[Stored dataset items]
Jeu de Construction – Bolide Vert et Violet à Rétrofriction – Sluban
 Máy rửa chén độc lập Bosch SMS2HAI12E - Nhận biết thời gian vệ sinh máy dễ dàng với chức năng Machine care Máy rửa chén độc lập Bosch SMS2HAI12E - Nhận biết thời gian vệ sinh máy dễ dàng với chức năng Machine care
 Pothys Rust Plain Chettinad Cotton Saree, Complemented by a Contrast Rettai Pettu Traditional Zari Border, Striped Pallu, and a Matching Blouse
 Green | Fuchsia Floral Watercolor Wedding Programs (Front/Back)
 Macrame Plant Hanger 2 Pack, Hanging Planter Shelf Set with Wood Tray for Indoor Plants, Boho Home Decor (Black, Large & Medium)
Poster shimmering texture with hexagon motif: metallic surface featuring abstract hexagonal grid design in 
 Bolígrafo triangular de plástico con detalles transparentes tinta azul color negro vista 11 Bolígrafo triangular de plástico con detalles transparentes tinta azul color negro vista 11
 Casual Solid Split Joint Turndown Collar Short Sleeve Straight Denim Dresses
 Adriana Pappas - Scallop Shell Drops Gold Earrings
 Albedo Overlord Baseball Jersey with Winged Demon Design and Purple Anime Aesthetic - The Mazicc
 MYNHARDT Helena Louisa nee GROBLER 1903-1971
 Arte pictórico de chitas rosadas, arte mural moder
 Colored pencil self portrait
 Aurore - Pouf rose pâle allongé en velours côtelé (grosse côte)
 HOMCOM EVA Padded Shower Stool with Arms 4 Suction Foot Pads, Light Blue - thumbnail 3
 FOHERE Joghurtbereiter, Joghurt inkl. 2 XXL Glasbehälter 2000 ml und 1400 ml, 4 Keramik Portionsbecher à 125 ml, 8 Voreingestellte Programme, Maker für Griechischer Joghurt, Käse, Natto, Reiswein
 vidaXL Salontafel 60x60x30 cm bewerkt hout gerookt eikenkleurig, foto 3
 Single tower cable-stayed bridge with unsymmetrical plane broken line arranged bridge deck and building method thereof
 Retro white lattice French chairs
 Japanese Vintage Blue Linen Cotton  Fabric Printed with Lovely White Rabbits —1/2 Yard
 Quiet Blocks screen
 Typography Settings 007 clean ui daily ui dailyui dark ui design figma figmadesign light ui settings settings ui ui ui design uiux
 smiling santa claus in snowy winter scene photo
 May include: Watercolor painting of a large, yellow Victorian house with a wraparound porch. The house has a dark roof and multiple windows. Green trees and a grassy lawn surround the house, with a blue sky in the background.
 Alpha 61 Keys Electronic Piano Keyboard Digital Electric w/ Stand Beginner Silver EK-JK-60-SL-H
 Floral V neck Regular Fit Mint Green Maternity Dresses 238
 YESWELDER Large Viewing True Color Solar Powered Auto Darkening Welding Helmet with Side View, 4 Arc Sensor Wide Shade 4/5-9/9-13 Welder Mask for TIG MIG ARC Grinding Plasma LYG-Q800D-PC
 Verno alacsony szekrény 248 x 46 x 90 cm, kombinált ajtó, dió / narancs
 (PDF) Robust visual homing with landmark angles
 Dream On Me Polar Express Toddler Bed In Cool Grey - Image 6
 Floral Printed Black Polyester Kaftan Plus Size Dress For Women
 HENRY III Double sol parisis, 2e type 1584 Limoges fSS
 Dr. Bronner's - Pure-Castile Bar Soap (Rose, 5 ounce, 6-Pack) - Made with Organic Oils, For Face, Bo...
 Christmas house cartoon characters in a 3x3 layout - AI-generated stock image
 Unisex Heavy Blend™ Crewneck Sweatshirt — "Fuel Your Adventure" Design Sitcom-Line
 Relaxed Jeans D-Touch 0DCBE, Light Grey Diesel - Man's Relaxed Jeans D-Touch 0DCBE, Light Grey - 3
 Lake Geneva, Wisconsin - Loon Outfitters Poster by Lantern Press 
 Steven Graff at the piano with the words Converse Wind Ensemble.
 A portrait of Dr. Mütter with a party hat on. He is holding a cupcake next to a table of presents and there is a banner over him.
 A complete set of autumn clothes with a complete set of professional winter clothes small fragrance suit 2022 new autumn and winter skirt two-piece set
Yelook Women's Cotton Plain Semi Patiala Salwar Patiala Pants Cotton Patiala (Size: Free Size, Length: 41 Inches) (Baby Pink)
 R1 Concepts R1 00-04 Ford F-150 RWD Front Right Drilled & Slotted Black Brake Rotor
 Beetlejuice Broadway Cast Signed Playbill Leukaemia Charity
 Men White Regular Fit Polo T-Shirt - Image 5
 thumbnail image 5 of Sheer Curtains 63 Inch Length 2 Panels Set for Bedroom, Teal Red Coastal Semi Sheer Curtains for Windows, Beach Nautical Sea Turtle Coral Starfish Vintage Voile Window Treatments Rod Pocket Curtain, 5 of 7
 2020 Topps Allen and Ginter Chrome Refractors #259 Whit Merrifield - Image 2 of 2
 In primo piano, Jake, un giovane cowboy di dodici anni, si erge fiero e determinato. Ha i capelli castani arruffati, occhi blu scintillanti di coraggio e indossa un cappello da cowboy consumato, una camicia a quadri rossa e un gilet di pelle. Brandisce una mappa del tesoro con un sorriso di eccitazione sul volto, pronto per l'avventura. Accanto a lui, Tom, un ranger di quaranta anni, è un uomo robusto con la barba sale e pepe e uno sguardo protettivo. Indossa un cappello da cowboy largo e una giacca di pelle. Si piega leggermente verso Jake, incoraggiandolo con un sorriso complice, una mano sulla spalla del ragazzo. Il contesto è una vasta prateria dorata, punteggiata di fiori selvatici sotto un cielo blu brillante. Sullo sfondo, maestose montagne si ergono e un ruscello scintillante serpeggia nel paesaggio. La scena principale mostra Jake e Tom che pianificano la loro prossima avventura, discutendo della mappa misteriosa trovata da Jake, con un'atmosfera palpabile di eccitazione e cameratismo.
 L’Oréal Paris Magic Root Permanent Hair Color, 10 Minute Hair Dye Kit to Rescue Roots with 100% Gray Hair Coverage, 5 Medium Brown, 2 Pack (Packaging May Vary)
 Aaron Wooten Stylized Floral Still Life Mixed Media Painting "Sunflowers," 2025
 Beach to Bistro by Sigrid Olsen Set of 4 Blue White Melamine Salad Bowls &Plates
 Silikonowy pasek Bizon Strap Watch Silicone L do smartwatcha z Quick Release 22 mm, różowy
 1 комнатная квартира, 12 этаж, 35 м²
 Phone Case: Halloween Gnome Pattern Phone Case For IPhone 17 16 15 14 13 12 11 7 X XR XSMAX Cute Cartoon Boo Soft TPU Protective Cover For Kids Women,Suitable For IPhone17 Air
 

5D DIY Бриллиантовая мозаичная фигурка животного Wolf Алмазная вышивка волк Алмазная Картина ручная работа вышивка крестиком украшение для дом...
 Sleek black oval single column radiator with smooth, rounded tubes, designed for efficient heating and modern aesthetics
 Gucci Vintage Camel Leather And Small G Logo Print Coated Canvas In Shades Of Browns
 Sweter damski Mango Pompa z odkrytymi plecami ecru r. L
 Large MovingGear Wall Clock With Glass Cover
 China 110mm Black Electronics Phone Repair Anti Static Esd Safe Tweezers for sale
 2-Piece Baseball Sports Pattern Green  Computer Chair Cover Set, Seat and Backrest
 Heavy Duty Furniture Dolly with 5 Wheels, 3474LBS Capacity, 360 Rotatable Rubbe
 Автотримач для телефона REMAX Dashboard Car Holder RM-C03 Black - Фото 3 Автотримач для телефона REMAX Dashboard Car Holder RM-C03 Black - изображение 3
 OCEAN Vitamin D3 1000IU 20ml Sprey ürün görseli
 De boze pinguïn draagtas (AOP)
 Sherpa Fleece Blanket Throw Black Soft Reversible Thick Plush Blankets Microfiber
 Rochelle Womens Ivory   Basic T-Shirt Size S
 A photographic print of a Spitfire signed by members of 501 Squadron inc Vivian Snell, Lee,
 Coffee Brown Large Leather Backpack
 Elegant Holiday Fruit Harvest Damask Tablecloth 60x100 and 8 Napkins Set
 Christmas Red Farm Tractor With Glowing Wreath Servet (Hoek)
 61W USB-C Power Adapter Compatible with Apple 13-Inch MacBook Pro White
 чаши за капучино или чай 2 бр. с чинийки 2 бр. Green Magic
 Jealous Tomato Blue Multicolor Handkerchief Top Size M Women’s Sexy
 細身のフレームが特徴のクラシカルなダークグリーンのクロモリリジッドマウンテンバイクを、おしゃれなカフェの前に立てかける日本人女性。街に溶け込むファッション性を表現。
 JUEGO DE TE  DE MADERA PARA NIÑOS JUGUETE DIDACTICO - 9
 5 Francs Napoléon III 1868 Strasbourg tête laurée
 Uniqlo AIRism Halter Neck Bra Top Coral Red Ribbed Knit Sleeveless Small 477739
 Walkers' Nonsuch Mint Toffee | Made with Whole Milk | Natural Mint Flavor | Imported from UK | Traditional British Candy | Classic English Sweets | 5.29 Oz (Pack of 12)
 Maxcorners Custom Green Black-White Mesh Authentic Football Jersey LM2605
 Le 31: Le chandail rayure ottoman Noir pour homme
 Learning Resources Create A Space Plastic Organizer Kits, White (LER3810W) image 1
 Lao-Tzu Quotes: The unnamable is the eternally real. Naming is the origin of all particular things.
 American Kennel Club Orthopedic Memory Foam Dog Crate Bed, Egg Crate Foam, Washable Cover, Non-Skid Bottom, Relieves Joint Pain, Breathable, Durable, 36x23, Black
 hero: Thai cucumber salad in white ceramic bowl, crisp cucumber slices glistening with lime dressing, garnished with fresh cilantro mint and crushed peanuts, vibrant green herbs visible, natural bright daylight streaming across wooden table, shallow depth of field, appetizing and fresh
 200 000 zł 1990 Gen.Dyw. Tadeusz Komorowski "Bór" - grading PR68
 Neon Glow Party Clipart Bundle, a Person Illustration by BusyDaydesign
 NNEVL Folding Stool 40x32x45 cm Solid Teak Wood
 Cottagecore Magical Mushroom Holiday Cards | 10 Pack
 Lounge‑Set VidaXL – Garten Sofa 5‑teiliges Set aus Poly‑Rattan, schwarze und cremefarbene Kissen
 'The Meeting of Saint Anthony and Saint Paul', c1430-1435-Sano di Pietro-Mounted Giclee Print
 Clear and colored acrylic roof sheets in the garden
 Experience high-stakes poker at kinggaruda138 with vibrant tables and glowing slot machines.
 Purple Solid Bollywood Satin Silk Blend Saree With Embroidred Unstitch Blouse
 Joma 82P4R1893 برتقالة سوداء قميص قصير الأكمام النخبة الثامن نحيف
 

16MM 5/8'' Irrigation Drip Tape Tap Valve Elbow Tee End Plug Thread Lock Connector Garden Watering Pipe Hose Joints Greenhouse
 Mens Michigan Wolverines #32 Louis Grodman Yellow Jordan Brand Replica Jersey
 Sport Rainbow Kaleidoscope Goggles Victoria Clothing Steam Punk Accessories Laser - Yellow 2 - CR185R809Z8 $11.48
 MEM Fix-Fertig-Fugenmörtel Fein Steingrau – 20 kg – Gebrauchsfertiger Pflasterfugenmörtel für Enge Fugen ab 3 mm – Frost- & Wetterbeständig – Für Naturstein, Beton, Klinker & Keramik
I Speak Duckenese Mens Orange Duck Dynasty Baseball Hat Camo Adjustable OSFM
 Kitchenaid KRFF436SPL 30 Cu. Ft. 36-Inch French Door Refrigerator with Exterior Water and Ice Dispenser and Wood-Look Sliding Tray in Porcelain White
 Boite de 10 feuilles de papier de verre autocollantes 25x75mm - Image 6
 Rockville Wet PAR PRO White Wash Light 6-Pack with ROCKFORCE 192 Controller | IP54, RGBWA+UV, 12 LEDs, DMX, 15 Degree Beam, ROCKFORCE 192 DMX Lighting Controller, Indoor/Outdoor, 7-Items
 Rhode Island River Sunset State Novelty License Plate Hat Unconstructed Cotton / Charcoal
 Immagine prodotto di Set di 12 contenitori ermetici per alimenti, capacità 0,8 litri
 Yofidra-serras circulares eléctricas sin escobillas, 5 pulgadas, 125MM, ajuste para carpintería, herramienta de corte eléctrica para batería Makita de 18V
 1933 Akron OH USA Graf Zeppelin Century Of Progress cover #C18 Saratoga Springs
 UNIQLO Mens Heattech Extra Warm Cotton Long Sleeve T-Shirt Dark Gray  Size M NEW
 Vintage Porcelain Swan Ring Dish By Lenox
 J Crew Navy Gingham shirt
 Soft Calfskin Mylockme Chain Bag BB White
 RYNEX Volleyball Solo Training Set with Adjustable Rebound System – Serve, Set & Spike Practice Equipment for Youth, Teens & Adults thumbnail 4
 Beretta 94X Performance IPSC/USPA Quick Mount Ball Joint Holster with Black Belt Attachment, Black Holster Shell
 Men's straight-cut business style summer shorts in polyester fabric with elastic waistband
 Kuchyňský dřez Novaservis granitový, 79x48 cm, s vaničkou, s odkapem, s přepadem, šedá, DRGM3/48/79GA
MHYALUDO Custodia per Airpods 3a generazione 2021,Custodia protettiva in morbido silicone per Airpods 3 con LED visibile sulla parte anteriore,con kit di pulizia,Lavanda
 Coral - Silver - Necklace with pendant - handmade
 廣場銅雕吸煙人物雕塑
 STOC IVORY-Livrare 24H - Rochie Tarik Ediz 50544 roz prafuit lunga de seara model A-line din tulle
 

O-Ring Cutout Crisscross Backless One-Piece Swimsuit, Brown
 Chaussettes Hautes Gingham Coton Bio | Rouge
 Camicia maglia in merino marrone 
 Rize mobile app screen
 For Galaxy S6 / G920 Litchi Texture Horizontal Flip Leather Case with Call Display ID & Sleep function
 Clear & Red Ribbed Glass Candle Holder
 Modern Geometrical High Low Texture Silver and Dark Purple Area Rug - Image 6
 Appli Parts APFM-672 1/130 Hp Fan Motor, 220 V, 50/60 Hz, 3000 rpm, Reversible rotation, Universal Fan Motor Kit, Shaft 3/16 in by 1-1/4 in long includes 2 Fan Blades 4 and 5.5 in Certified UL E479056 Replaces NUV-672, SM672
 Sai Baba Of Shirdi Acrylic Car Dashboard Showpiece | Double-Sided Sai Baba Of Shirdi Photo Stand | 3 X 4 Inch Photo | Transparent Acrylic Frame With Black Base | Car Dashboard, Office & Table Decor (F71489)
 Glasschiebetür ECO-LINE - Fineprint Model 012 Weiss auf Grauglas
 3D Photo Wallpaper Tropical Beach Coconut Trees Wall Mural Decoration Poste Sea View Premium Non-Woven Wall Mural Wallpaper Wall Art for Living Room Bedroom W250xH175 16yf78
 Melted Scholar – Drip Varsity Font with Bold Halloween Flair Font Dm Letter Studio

■ **Task goal**: Transcribe the records above from the line holding "Heavy Duty Furniture" down to the line holding "American Kennel Club", inclusive, without adding anything.

■ **Exercise output**:
 Heavy Duty Furniture Dolly with 5 Wheels, 3474LBS Capacity, 360 Rotatable Rubbe
 Автотримач для телефона REMAX Dashboard Car Holder RM-C03 Black - Фото 3 Автотримач для телефона REMAX Dashboard Car Holder RM-C03 Black - изображение 3
 OCEAN Vitamin D3 1000IU 20ml Sprey ürün görseli
 De boze pinguïn draagtas (AOP)
 Sherpa Fleece Blanket Throw Black Soft Reversible Thick Plush Blankets Microfiber
 Rochelle Womens Ivory   Basic T-Shirt Size S
 A photographic print of a Spitfire signed by members of 501 Squadron inc Vivian Snell, Lee,
 Coffee Brown Large Leather Backpack
 Elegant Holiday Fruit Harvest Damask Tablecloth 60x100 and 8 Napkins Set
 Christmas Red Farm Tractor With Glowing Wreath Servet (Hoek)
 61W USB-C Power Adapter Compatible with Apple 13-Inch MacBook Pro White
 чаши за капучино или чай 2 бр. с чинийки 2 бр. Green Magic
 Jealous Tomato Blue Multicolor Handkerchief Top Size M Women’s Sexy
 細身のフレームが特徴のクラシカルなダークグリーンのクロモリリジッドマウンテンバイクを、おしゃれなカフェの前に立てかける日本人女性。街に溶け込むファッション性を表現。
 JUEGO DE TE  DE MADERA PARA NIÑOS JUGUETE DIDACTICO - 9
 5 Francs Napoléon III 1868 Strasbourg tête laurée
 Uniqlo AIRism Halter Neck Bra Top Coral Red Ribbed Knit Sleeveless Small 477739
 Walkers' Nonsuch Mint Toffee | Made with Whole Milk | Natural Mint Flavor | Imported from UK | Traditional British Candy | Classic English Sweets | 5.29 Oz (Pack of 12)
 Maxcorners Custom Green Black-White Mesh Authentic Football Jersey LM2605
 Le 31: Le chandail rayure ottoman Noir pour homme
 Learning Resources Create A Space Plastic Organizer Kits, White (LER3810W) image 1
 Lao-Tzu Quotes: The unnamable is the eternally real. Naming is the origin of all particular things.
 American Kennel Club Orthopedic Memory Foam Dog Crate Bed, Egg Crate Foam, Washable Cover, Non-Skid Bottom, Relieves Joint Pain, Breathable, Durable, 36x23, Black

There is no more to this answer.